__Work required__:
Write out each line below precisely, passing over the pictures.

___ Recorded data

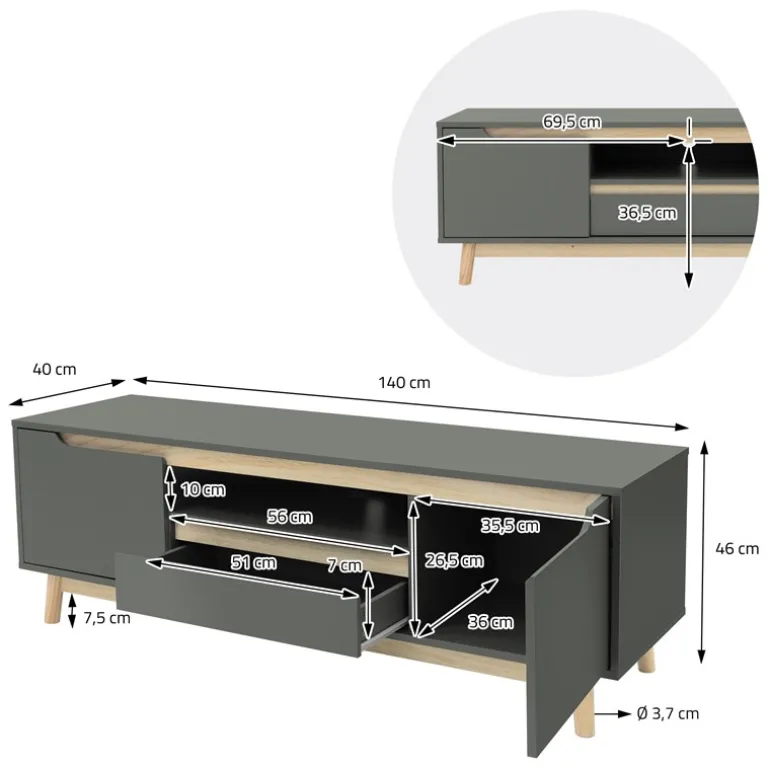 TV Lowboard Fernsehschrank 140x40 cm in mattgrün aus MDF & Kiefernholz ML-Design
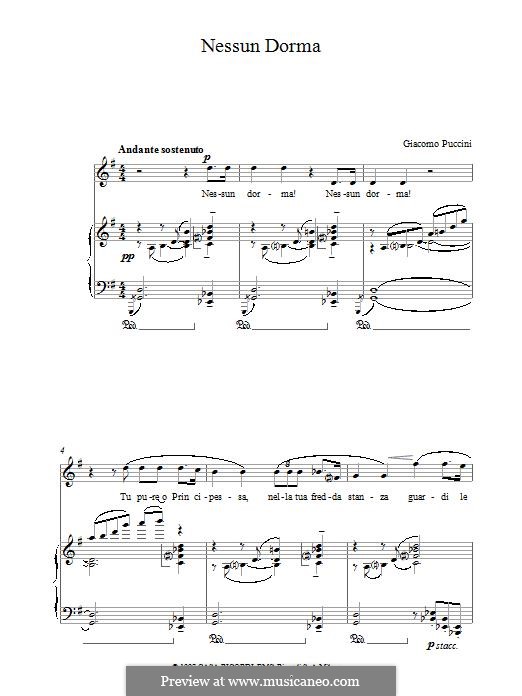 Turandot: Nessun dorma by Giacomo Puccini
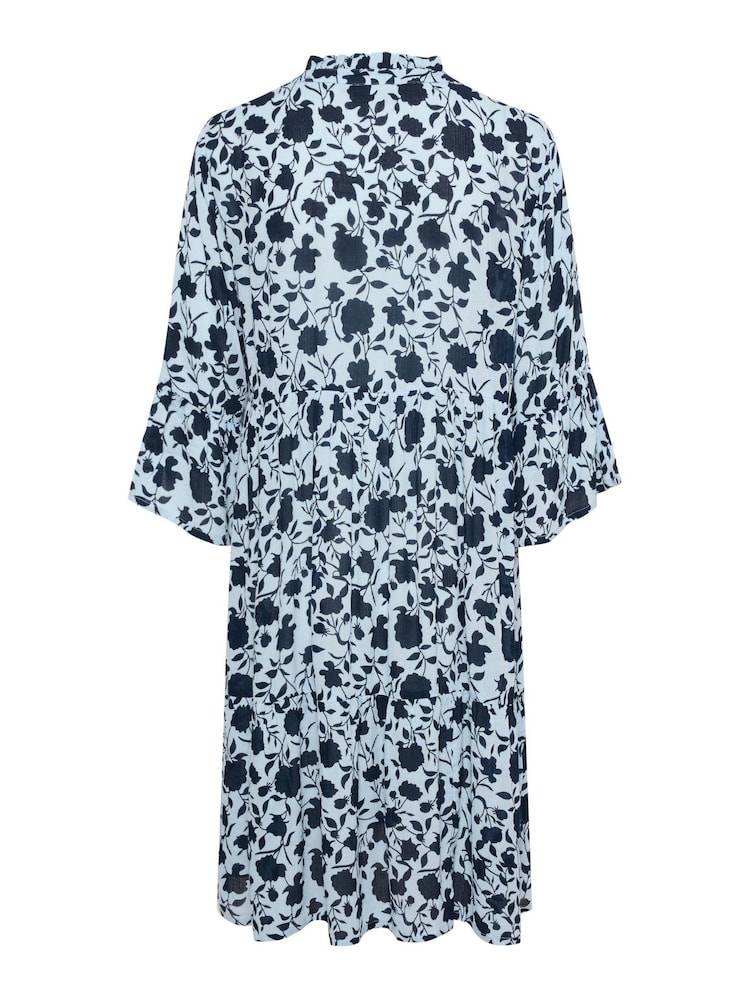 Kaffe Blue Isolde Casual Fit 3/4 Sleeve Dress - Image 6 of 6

______

__Exercise solution__:
 TV Lowboard Fernsehschrank 140x40 cm in mattgrün aus MDF & Kiefernholz ML-Design
 Turandot: Nessun dorma by Giacomo Puccini
 Kaffe Blue Isolde Casual Fit 3/4 Sleeve Dress - Image 6 of 6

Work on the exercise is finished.